L'Explication Prémisse
Cet article dit que si, après l'apparition d'un litige, les parties décident de tenter une médiation, une conciliation, une procédure participative ou d'entrer dans la procédure visée à l'article L.125-1 (avec l'accord du débiteur constaté par huissier), le délai de prescription (le temps dont vous disposez pour agir en justice) est mis en pause. La pause commence dès l'accord des parties ou, s'il n'y a pas d'accord écrit, à la date de la première réunion. Quand la médiation/conciliation prend fin (déclarée par l'une ou l'autre des parties ou par le médiateur/conciliateur) ou quand la convention de procédure participative arrive à son terme (ou si le débiteur refuse, constaté par huissier), le délai de prescription recommence à courir, mais il recommence toujours pour une durée qui ne peut être inférieure à six mois — autrement dit vous avez au moins six mois pour agir après la fin de la tentative amiable.

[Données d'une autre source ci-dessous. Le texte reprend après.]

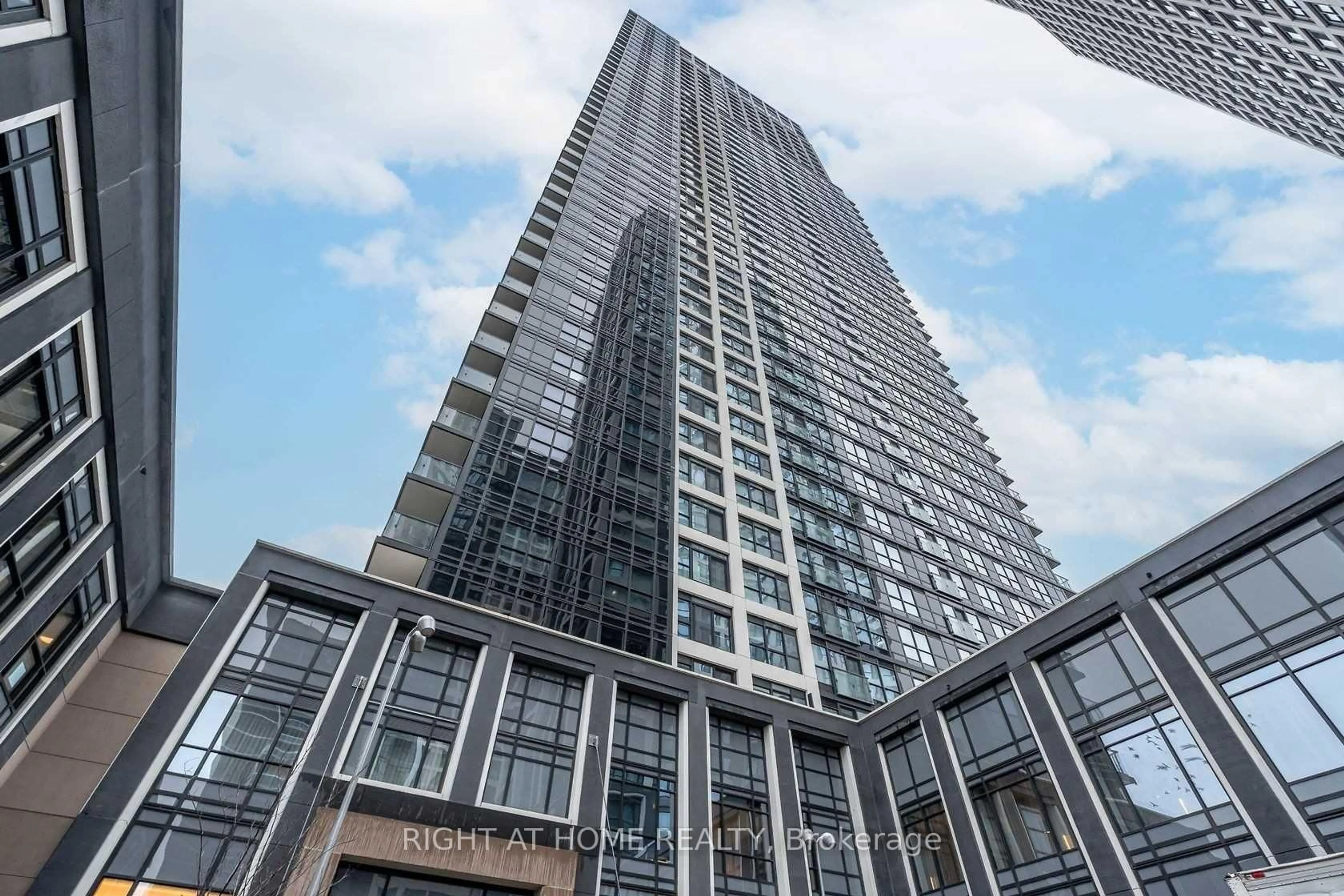 Indoor foyer for 5 Mabelle Ave #3128, Toronto Ontario M9A 4Y1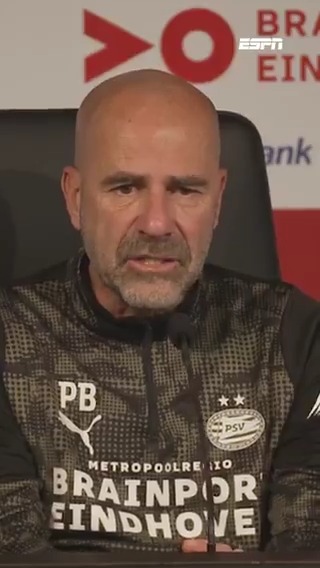 Na Ron Jans neemt ook Peter Bosz het op voor John Heitinga 🤝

Vous avez une facture impayée depuis deux ans et la prescription restante serait d’un mois. Vous acceptez une médiation avec le débiteur. La prescription est suspendue à partir de l'accord de médiation ou de la première réunion. Si la médiation échoue et que le médiateur ou l'une des parties déclare la fin, le délai de prescription repart alors et vous bénéficiez d'au moins six mois pour engager une procédure en justice, même si, avant la médiation, il ne restait qu’un mois.
- La suspension ne joue qu'après la survenance d'un litige et à compter de l'accord des parties ou, sans accord écrit, de la première réunion de médiation/conciliation.
- La convention de procédure participative suspend également la prescription dès sa conclusion.
- Pour la procédure visée à l'article L.125-1, la suspension commence à compter de l'accord du débiteur constaté par huissier.
- La reprise du délai intervient à la déclaration de fin de la médiation/conciliation (par l'une des parties, les deux, ou le médiateur/conciliateur) ou au terme de la convention de procédure participative.
- En cas d'échec de la procédure L.125-1, la reprise court à compter du refus du débiteur constaté par huissier.
- Lorsque le délai recommence, il court pour une durée qui ne peut être inférieure à six mois : la partie dispose donc d'au moins six mois pour agir après la fin de la tentative amiable.
- La disposition protège les parties en empêchant que le droit d'agir en justice ne se perde pendant qu'elles cherchent un règlement amiable.